Kiedy otworzyliśmy koperty z komunii, zapadła cisza. Mąż aż się przeżegnał, ja musiałam usiąść

mamadu.pl 17 godzin temu
"Moja córka miała w niedzielę komunię. Kiedy otworzyliśmy wieczorem koperty, zdębiałam. Musiałam liczyć dwa razy, bo nie wierzyłam własnym oczom" – napisała do nas Asia.


Komunia córki mnie zawstydziła. To, co znalazłam w kopertach...

"Nie wiem, czy się cieszyć, czy pójść się schować ze wstydu. W miniony weekend odbyła się komunia mojej córki – dzień, który miał być radosny, rodzinny i symboliczny.
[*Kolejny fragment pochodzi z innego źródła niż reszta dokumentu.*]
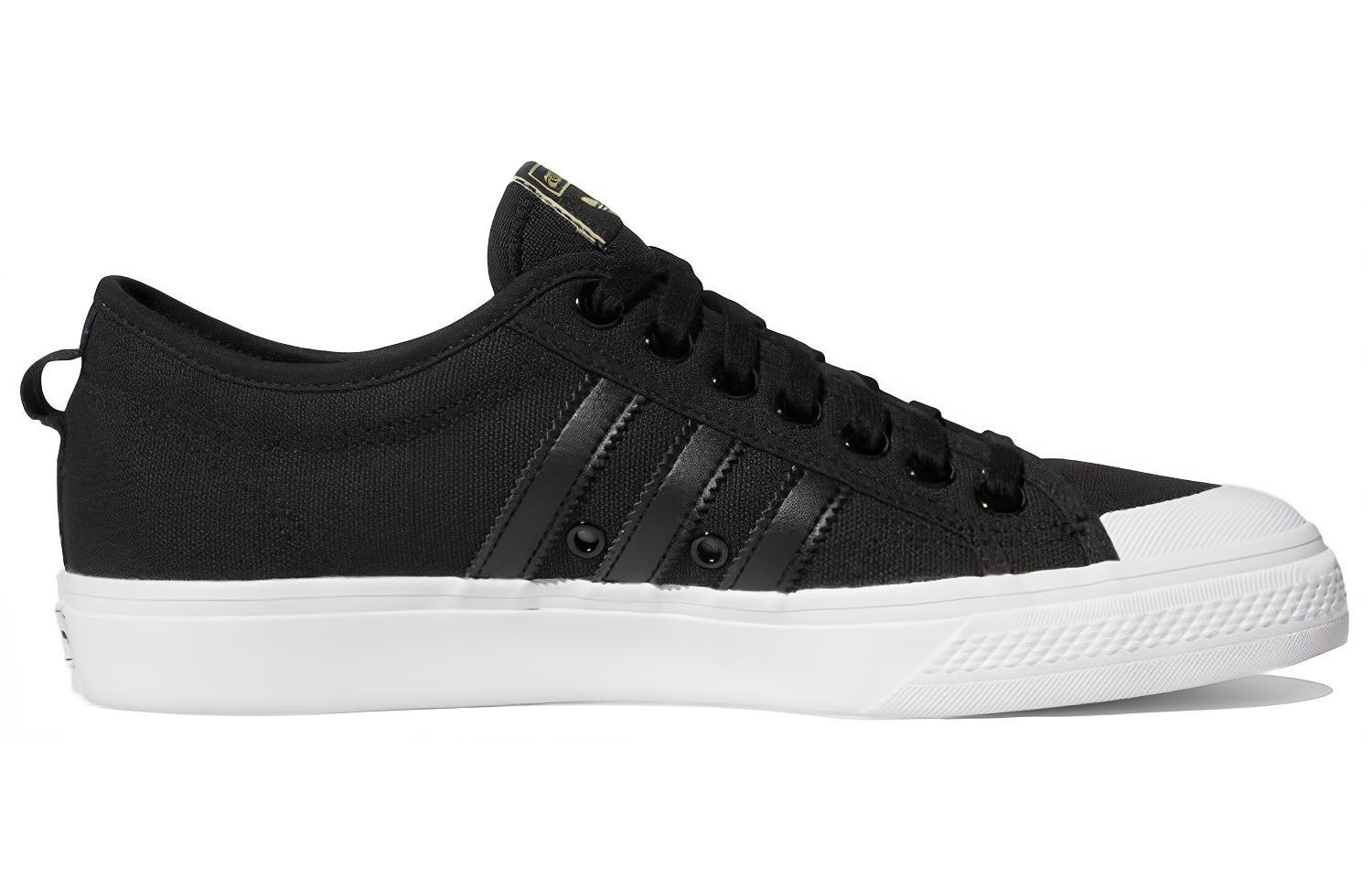 Мужские кеды adidas originals NIZZA (черный) — фото 2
I taki był. Tyle iż nie z tych powodów, co się spodziewałam. Zamiast wspominać ze wzruszeniem to, co działo się przy ołtarzu, siedzę i zastanawiam się, czy to wszystko nie poszło o krok za daleko. Przede mną na stole leży... prawie 10 tysięcy złotych.

Zrobiłam bardzo prostą imprezę. Bez fajerwerków, bez fontanny z czekoladą, bez animatorek w przebraniach księżniczek. Tylko najbliższa rodzina, spokojny obiad w restauracji – rosół, schabowy, sernik, kawa... Żadnych dekoracji z Instagrama, tylko parę kwiatów w wazonach. Sukienkę dla córki kupiłam 'z drugiej ręki', sama ją trochę poprawiłam. Fryzura? Moje dzieło. Zdjęcia zrobiliśmy telefonami, każdy coś pstryknął. Całość kosztowała mnie około 3 tys. złotych.

Byłam z siebie dumna. Wyszło ładnie, kameralnie, bez zadęcia. I właśnie o to mi chodziło – żeby było po prostu po ludzku.

A potem przyszły koperty...

Gdy wieczorem usiedliśmy z mężem, żeby przejrzeć prezenty, byłam pewna, iż będzie skromnie. Może po stówce, może ktoś się bardziej postara. Ale to, co zaczęło wypadać z kopert, sprawiło, iż zamarłam. 500 zł. 1000 zł. Koperta z 1500 i złotym łańcuszkiem. Potem bon podarunkowy, a nawet… czek. Od wujka z Ameryki. Myślałam, iż ktoś robi sobie żarty. Ale nie. To wszystko było na serio.

Po zliczeniu wszystkiego wyszło prawie 10 tysięcy złotych. DZIESIĘĆ tysięcy! I to przy imprezie za ułamek tej kwoty. Czułam się dziwnie – z jednej strony szczęśliwa, z drugiej... zawstydzona. Co ja mam teraz powiedzieć córce?

Dziecko szczęśliwe, a ja mam moralniaka


Córka oczywiście była w siódmym niebie. Od razu zaczęła planować: nowy laptop, telefon, elektryczna hulajnoga, konsola. A ja siedzę i czuję, iż coś mi tu zgrzyta. Bo przecież nie o to miało chodzić. To miał być duchowy dzień. A wyszedł pokaz prezentów.

Zaczęłam się choćby zastanawiać, czy nie powinnam oddać części pieniędzy. Albo przelać je na jakąś fundację. Wiem, iż to absurdalne – nikt mnie nie zmuszał, nikt niczego nie żądał. Ale mam w środku jakąś blokadę. Boję się, iż uczymy dzieci złych rzeczy.

Komunia jak drugie wesele?


Wiem, iż dziś komunie to prawdziwe wydarzenia. Ale coś się w tym wszystkim pogubiło. U mnie nie było przepychu – a mimo to skończyło się jak z bajki o Kopciuszku, który wygrał na loterii. Córka miała piękny dzień, ale ja mam kaca moralnego. I czuję... wstyd.

I jedno wiem na pewno – jeżeli moje drugie dziecko będzie miało komunię, to chyba poproszę gości o… puste koperty. Albo dołączę do zaproszeń dopisek: 'Nic nie dawajcie, po prostu bądźcie z nami'. Bo inaczej znów nie będę wiedziała, czy się śmiać, czy płakać".

(Imiona bohaterów zostały zmienione).